In the next few weeks, a group of judicious and respected Kentucky Baptist leaders will engage representatives from Campbellsville University in what we trust will be an open and honest dialogue. The purpose of this undertaking is to better understand the theological convictions that chart CU’s course and whether or not those convictions are still compatible with the mission our Lord has given the churches of the Kentucky Baptist Convention.
Recent news that the university will not tenure a popular professor in their school of theology has solicited both an outpouring of support for the professor and swirling accusations about the university. For most Kentucky Baptists, a personnel matter at one of our nine agencies or institutions is a matter that should be handled privately by the administration without interference by the public.

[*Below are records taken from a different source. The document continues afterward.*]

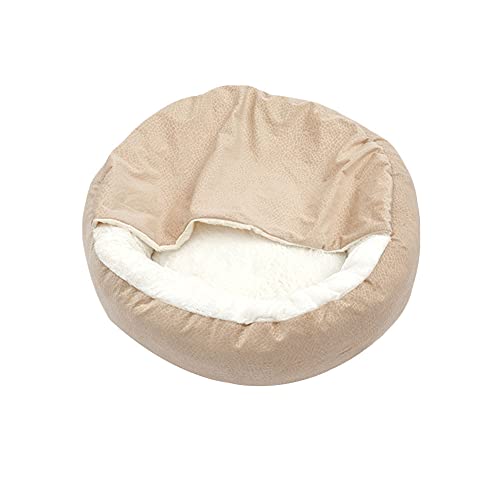 Herbst und Winter Donut Haustierstreu Katzenbett waschbar 2-in-1-Katzenbett Plüsch weiches rundes Katzensofa flauschiges Hundebett kleines Hundebett Katzendecke Haustierbett Beige Durchmesser：70 von YAOTT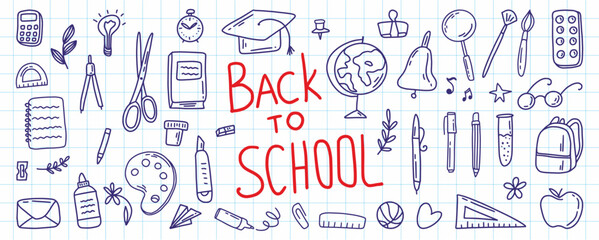 Vector collection of hand-drawn school supplies. Children's doodles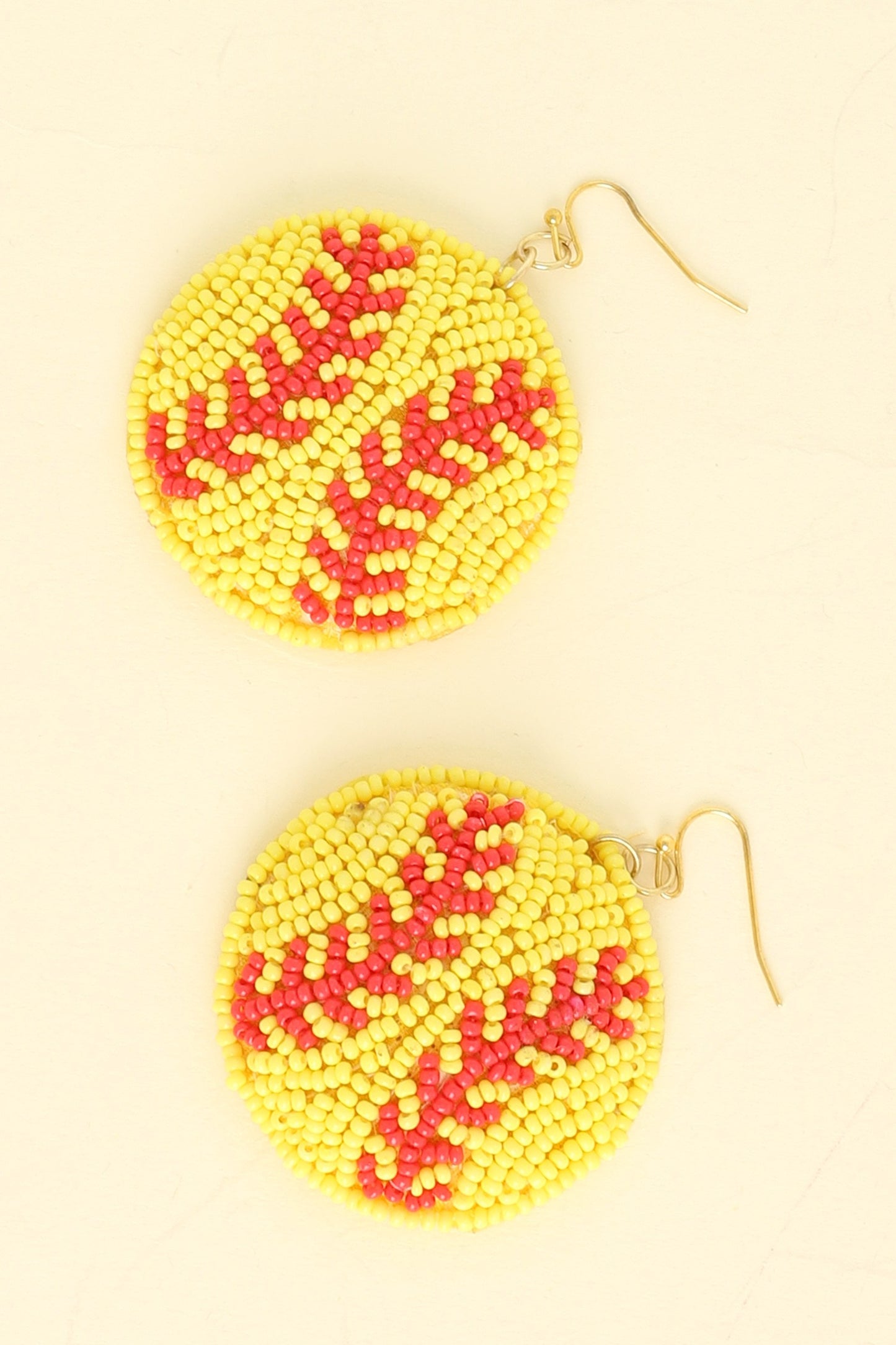 GAMEDAY SOFTBALL SEED BEAD EMBROIDERED EARRINGS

Claims, however, that CU retains other professors in the school of theology who reject biblical authority and professors in other disciplines who affirm evolution, are difficult for many Kentucky Baptists to swallow. This is especially true when well over $1 million of their missions offerings are helping pay the salaries of those professors every year.
As I peruse emails I have received calling for the defunding of CU and threatening to defund the Cooperative Program if the KBC does not take action, I understand the concerns but am equally concerned that we do not rush to judgment. I earnestly pray that accusations regarding one institution will not be used to undermine all that Kentucky Baptists support, including the education 16,000 Southern Baptist Convention seminary students and more than 10,000 missionaries and church planters taking the gospel to Kentucky, North America, and the ends of the earth.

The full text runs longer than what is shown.